The top skewers were about 1 inch from the top and the others led across and down so the chams could move easily from plants to basking areas and across the terrarium to hunt food.

Use an already used long Reptisun 5.0 bulb to provide the UV and heat. Since you probably don't have a used 5.0 Reptisun long bulb, you can get a Reptisun 2.0 bulb instead.
No basking lamp needed in this setup because babies need it cooler than the older chams do.
Temperatures of 70 to 75 degrees are what the babies need.
They will sit under the fluorescent light to bask.
Use a long tube bulb rather than a coil type compact one.
Normal room temps in the 70s are good and avoid drafty areas (like ac outputs, fans, etc.) or hotter areas of the house or window areas where the temps or humidity will get too high/low.

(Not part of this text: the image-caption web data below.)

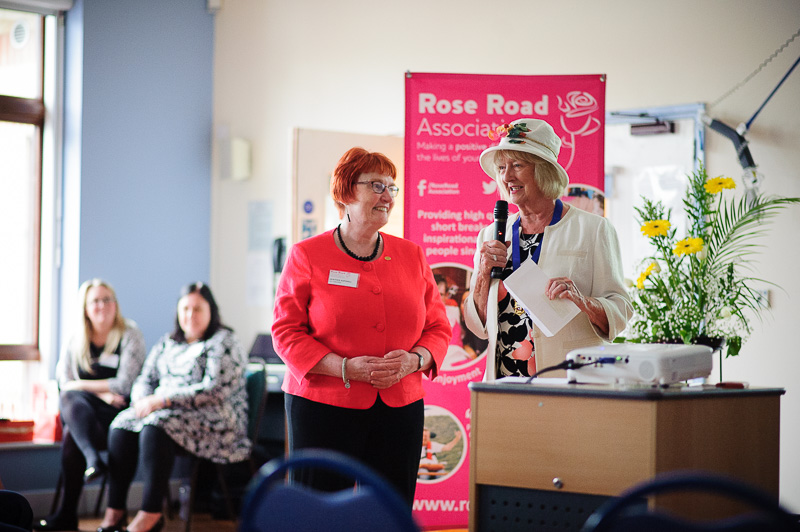 Event Photography Southampton for Rose Road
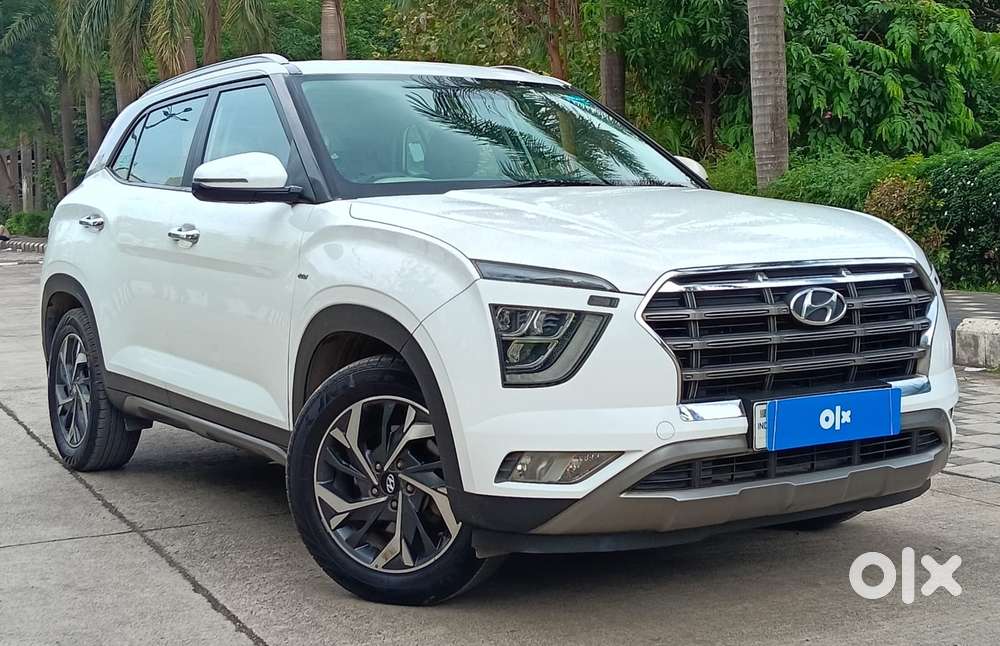 Hyundai Creta 1.5 Sx (o) Diesel At, 2020, Diesel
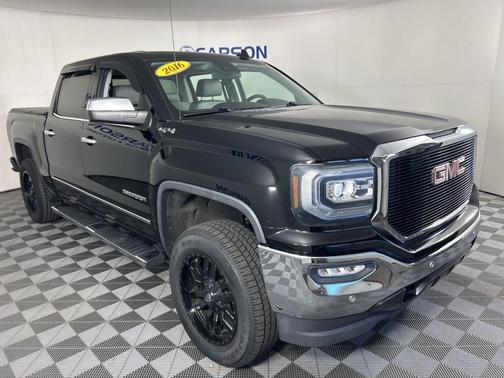 2016 GMC Sierra 1500 SLT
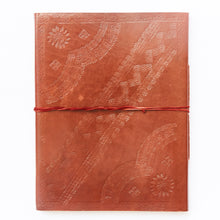 Load image into Gallery viewer, Leather Photo Album Printed XL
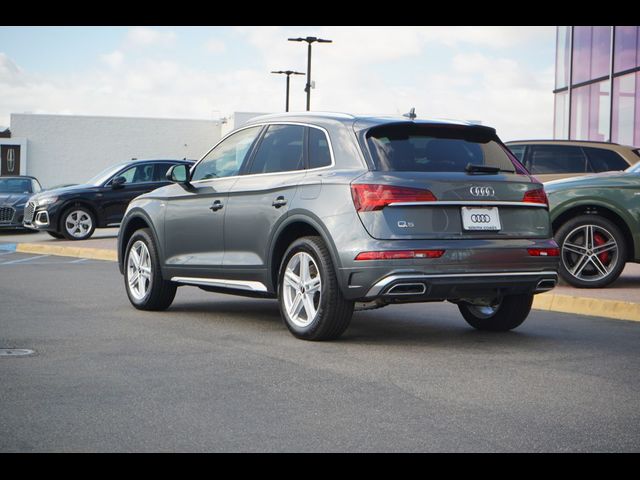 2024 Audi Q5 S Line Premium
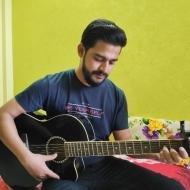 Ravi Kumar Guitar trainer in Dehradun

You absolutely must mist the babies several times each day, for several minutes.
3 times each day was typically what I did.
You have to mist for several minutes to ensure that they actually drink.
I used a very fine mist from a Home Depot brand spray bottle.
Food should be present at all times.

An accurate humidity and temperature gauge is essential.
Mine, being electronic and not waterproof, was removed during the mistings and put back in afterwards.

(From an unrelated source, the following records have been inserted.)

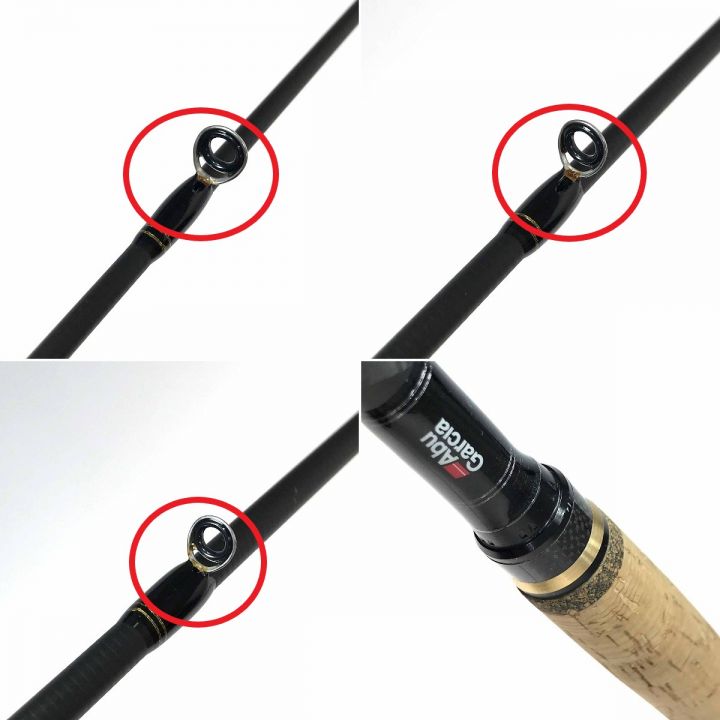 ソルティースタイル ノーザンカスタム アブガルシア Abu Garcia STNS-102ML-KR 釣り用品 ロッド  竿｜中古｜なんでもリサイクルビッグバン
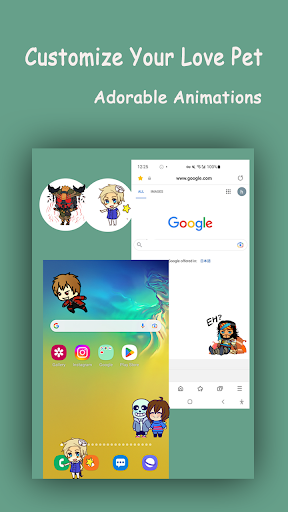 Hipet - Pets on screen Screen 2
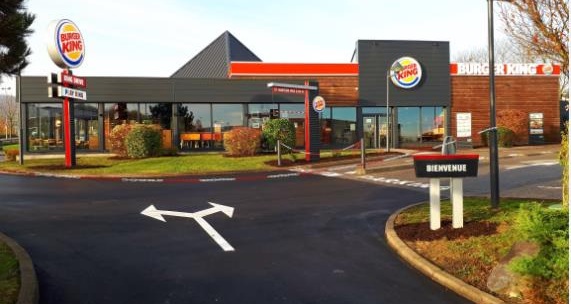 Quatre nouvelles franchises Burger King inaugurées en cette fin de mois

Keep the enclosure above 60% humidity without keeping it wet all the time.

When feeding them fruit flies--as you should for the first month--you can stick a piece or fruit onto 1 or 2 skewers, so the flies are eating something--and make easier targets hanging around the fruit.
Josh's Frogs has excellent 32 ounce producing Hydei FF cultures and even 3 chams will eat a great number of flightless fruit flies.
Their FF medium is nutritious, so the flies provide good nutrition.

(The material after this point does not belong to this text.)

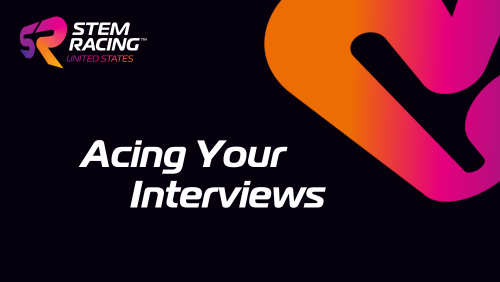 Acing Your Interviews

After a month or so, I added small Phoenix worms, tiny superworms and extremely small crickets to their diet but fruit flies were a staple for a few months.

This is what worked for me.
I hope that however you choose to do things, that you have as much success as I've had with them.


You can see 3 of my captive bred Jackson's in my post in the Classifieds section.
It is very difficult to part with any of them but I have made a few available for loving homes only.

I am always glad to help people with questions about Jackson's and their care.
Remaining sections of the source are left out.